Annoncée en pleine Pentecôte, jour de l’apparition du Saint-Esprit, la fin du système d’évasion fiscale organisé par Amazon en Europe a été trop vite déduite d’un communiqué du groupe qui ne déclarait rien de tel. Amazon EU SARL, la société luxembourgeoise qui encaissait toutes les ventes en Europe, a ouvert des succursales dans les principaux pays du continent. "Depuis le 1er mai, Amazon EU SARL encaisse les ventes à ses clients via ces branches", mentionne simplement la multinationale américaine depuis son siège européen du Luxembourg. Pour la France, elle ajoute qu’elle travaille à cette réorganisation, pas encore opérationnelle.
La succursale française est en réalité déclarée depuis le 1er mars, mais le transfert des actifs et du personnel reste à faire. Consultés il y a quelques semaines, les représentants des salariés d’Amazon.fr (logistique) et d’Amazon SAS (gestion du site, relations avec les fournisseurs) ont donné leur accord. Le démantèlement du circuit de prestations de service interne devrait donc intervenir prochainement, comme le laisse supposer le départ de Romain Voog, ancien directeur France.

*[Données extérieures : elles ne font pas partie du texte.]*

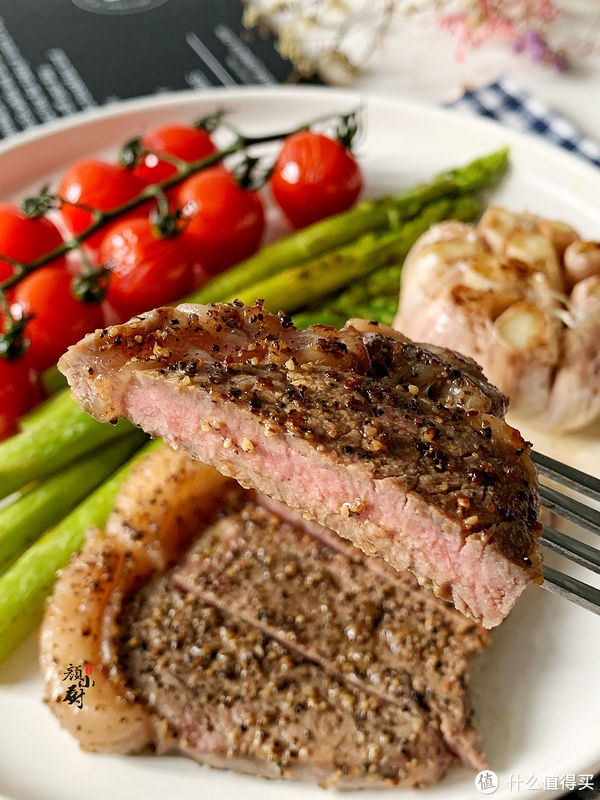 颜小厨|煎牛排时,万万不可直接下锅就煎,多加这一步,牛排鲜嫩更好吃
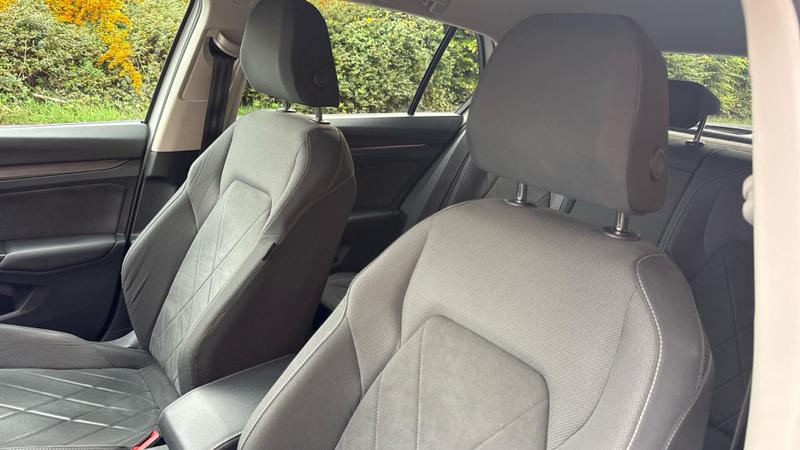 Used Volkswagen Golf 2023 for sale - 76933568: Photo 22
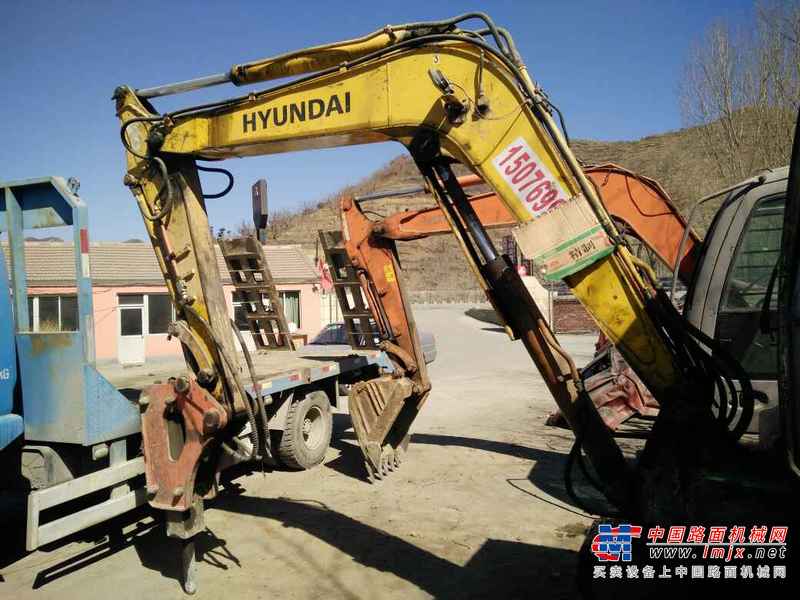 河北出售转让二手6750小时2008年现代R60挖掘机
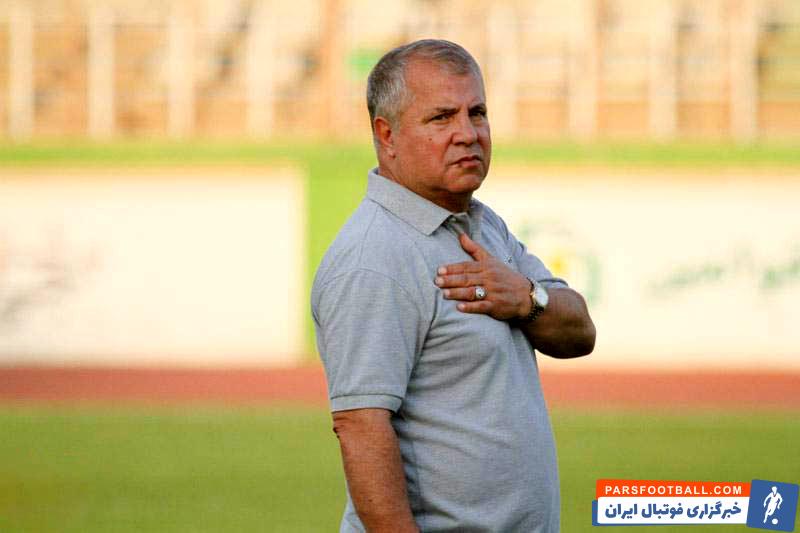 علی پروین در تمرین پرسپولیس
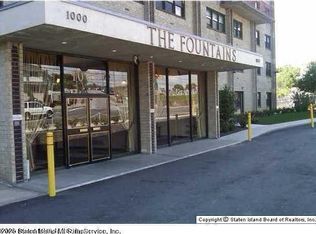 1000 Clove Rd APT 3F, Staten Island, NY 10301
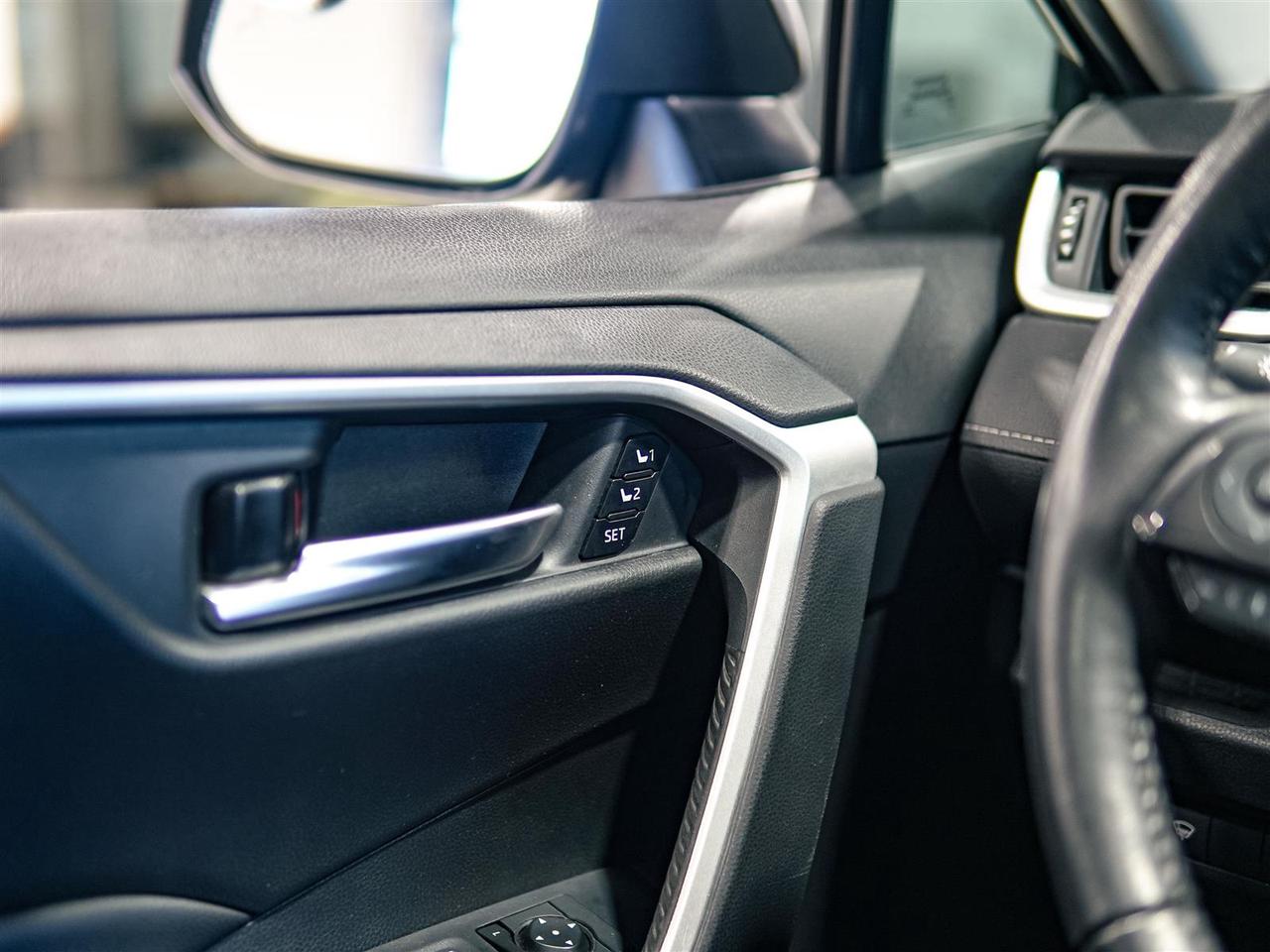 2022 Toyota RAV4 XLE AWD | PREMIUM | LEATHER | NO ACCIDENTS Photo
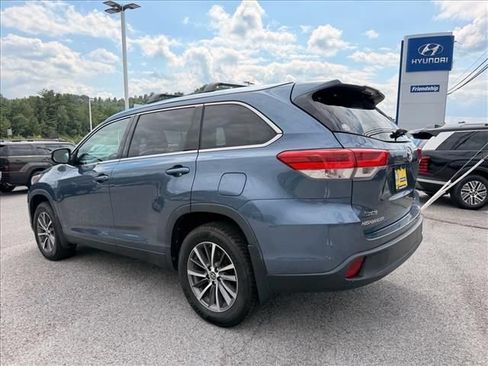 Used 2019 Toyota Highlander XLE AWD/4WD image 5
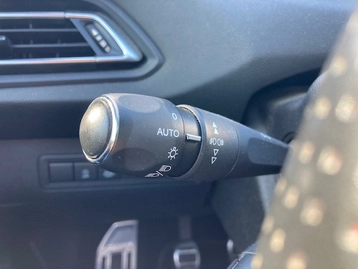 Image véhicule  Peugeot 308 SW (7)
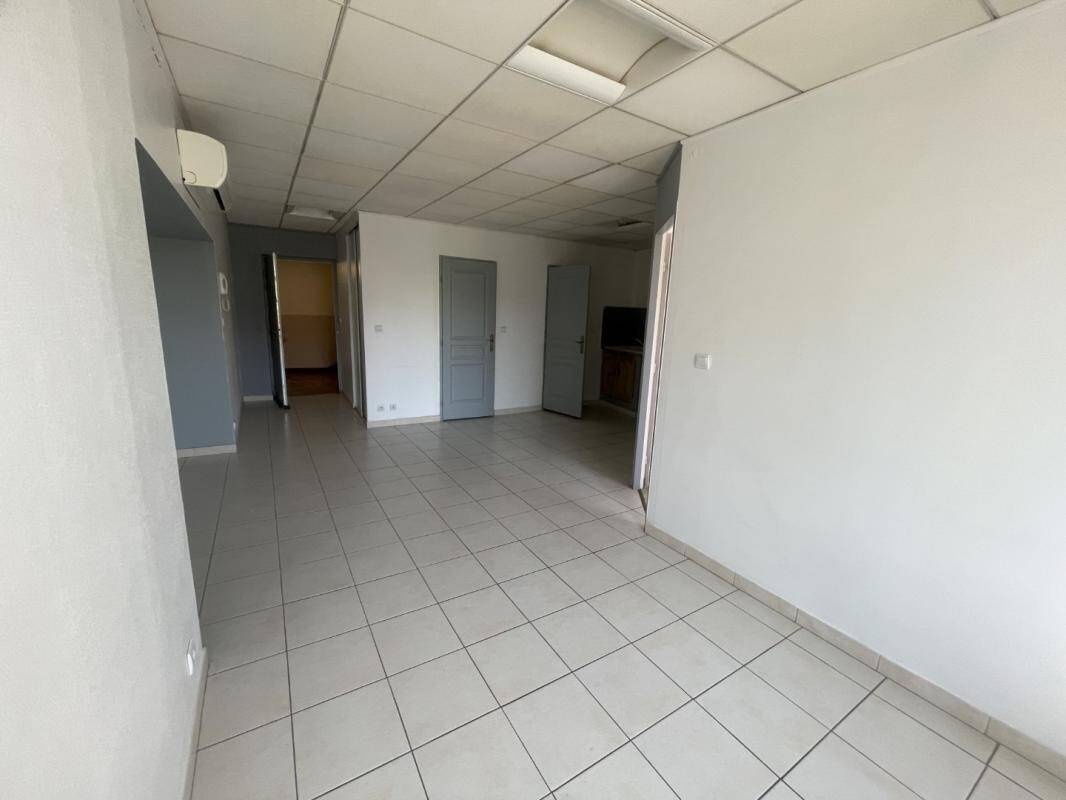 Maison à louer, 42m², SAINT MAXIMIN LA SAINTE BAUME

L’encaissement des achats des clients français par la nouvelle succursale française enregistrée à Clichy, au siège d’Amazon France, ne signifie toutefois nullement que l’équité fiscale sera rétablie. Amazon EU SARL, dont dépend cette succursale, affiche un déficit comptable et n’est donc pas imposable en raison du transfert de tout son bénéfice sous forme de royalties à une autre filiale luxembourgeoise, Amazon Europe Holding Technologies. Celle-ci ne règle strictement aucun impôt, malgré un profit net de 345,7 millions d’euros l’an dernier, qui a plus que doublé par rapport à 2013. La Commission européenne enquête sur ce montage depuis près d’un an, mais il fonctionne toujours pour le moment. Si les succursales nationales sont artificiellement plombées par les mêmes ponctions de royalties toujours aspirées au Luxembourg, elles ne seront pas plus imposables.